Name: Mera Miniato
Type of Project: Internship
- Please provide a brief description of your STEP Signature Project.
For my STEP signature project, I took part in a 12-week internship at Forester’s Financial in Dublin, OH. Esch week, interns were taught about the world of financial planning by the regional vice president of the company. During the first week, we were given the booklet that advisors fill out when they are with a client. Each week, we went in depth on a certain section of this booklet.
- What about your understanding of yourself, your assumptions, or your view of the world changed/transformed while completing your STEP Signature Project?

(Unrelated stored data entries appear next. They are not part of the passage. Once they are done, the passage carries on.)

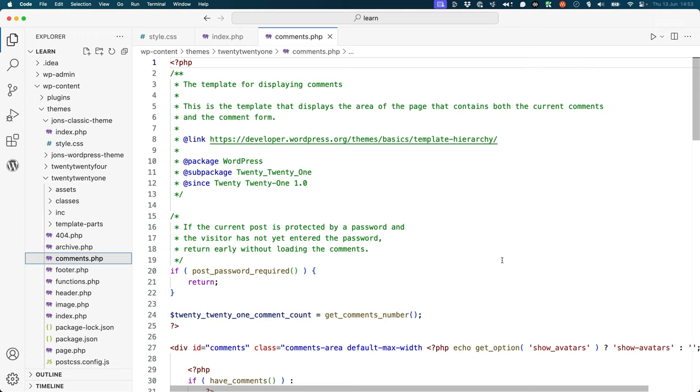However, when submitting a classic theme to the wordpress.org theme directory, you will also need to include a comments.php file. In a classic theme, this is the file which contains the comment template included wherever comments are allowed.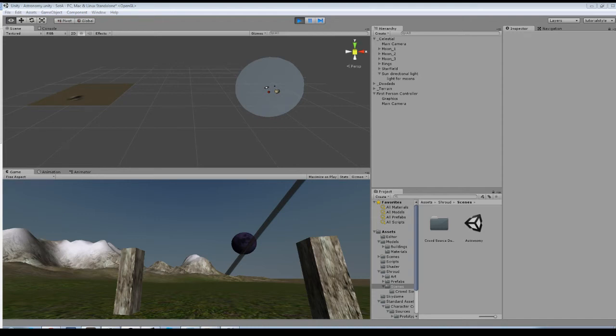Here's what I've been up to in Unity. I've been developing this astronomy package, the goal being to more accurately model the motion of the sun, moon, moon's rings if the planet has them, and even the star field in the background.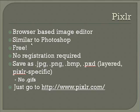In today's session, we're going to be looking at Pixlr, which is a browser-based image editor. Browser-based means that you don't need to download any software onto your computer.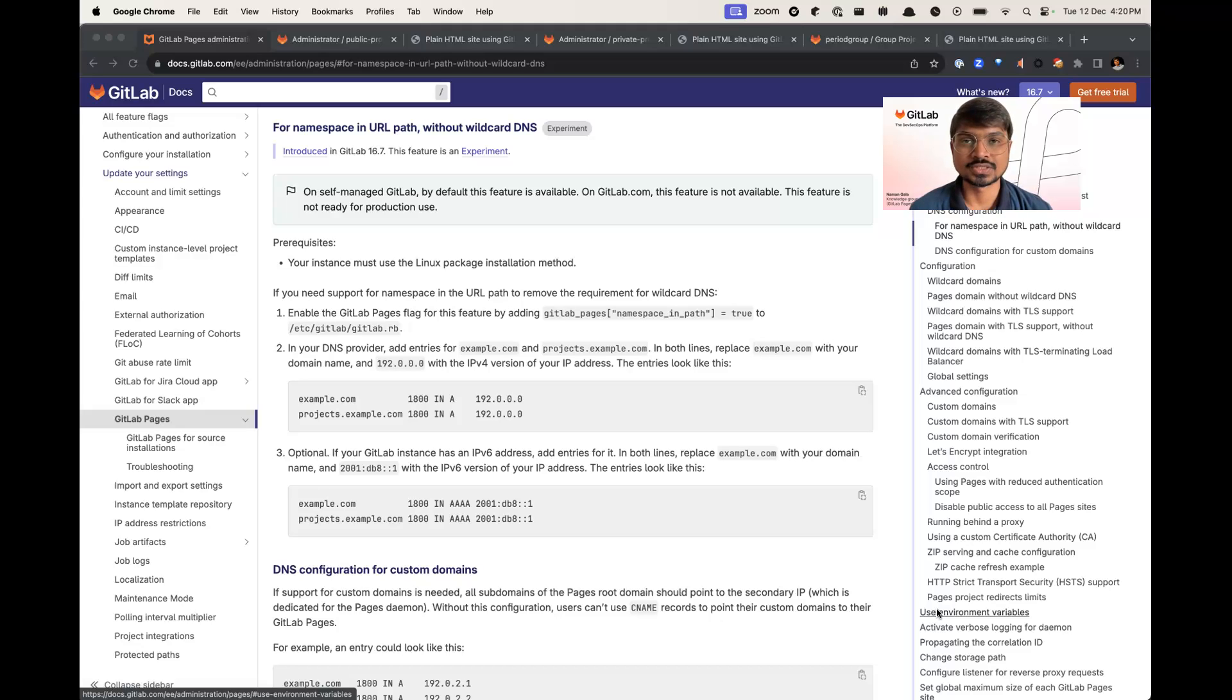Hello everyone, my name is Naman Gala. I am a senior backend engineer in the Plan Knowledge Group working for GitLab Pages.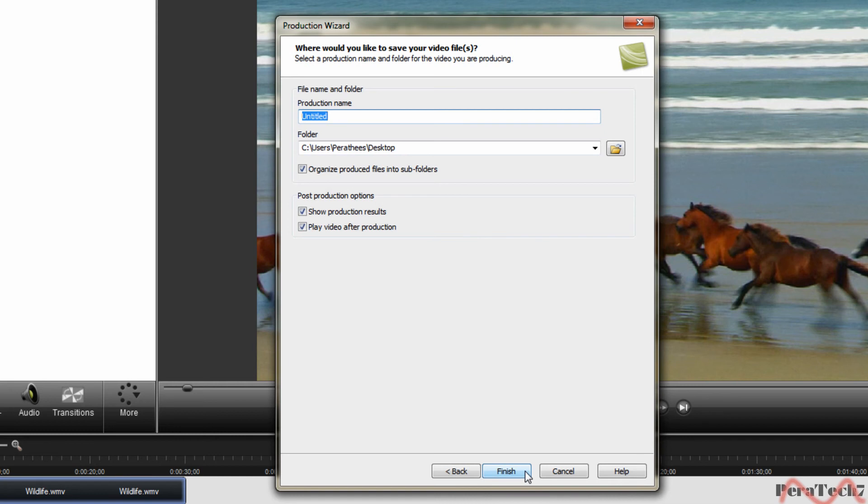Next. Name it whatever you want to and then finish. It may take a while so yeah.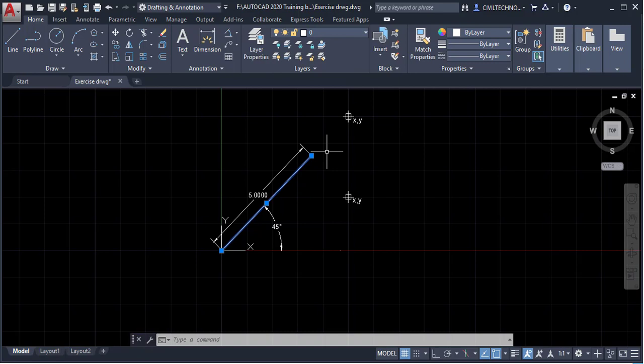That was the polar coordinate system. We will look more deeply into polar and Cartesian coordinate systems in the next tutorials. Hope you understood this session — I will see you in the next one.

My internship at Forester’s was my first internship ever. Being out of the classroom setting and gaining real-life experience in an office was eye-opening. During the semester before taking on this internship, I started taking my core finance classes such as Corporate Finance and Investments. I enjoyed the lessons I was learning in these classes — particularly what I was learning in Investments. When I started working with Forester’s, I had the opportunity to see my knowledge from investments in play, as a huge part of financial planning is making investments and growing wealth.
However, what I didn’t realize until I got to this internship is that this industry relies on communications and human contact almost just as much as it does finance. We had weeks in the internship where we would solely discuss the various experiences of those who worked in the office. We learned that the way that we act/speak towards a client weighs heavily on whether or not they are going to work with us, which is the first step to creating our network. The math and financial lessons were actually the easier parts of the internship, as we’d all seen them in classes before — what I learned as a result of the internship is the importance of self-image, manners, and social intelligence in this industry.
- What events, interactions, relationships, or activities during your STEP Signature Project led to the change/transformation that you discussed in #2, and how did those affect you?
The events that led to my transformation in how I view the Finance field was listening to the experiences of those who had worked in it first-hand from current Forester’s advisors. We got to hear from someone who just began working there a few years ago to someone who has been with Forester’s for over 30 years.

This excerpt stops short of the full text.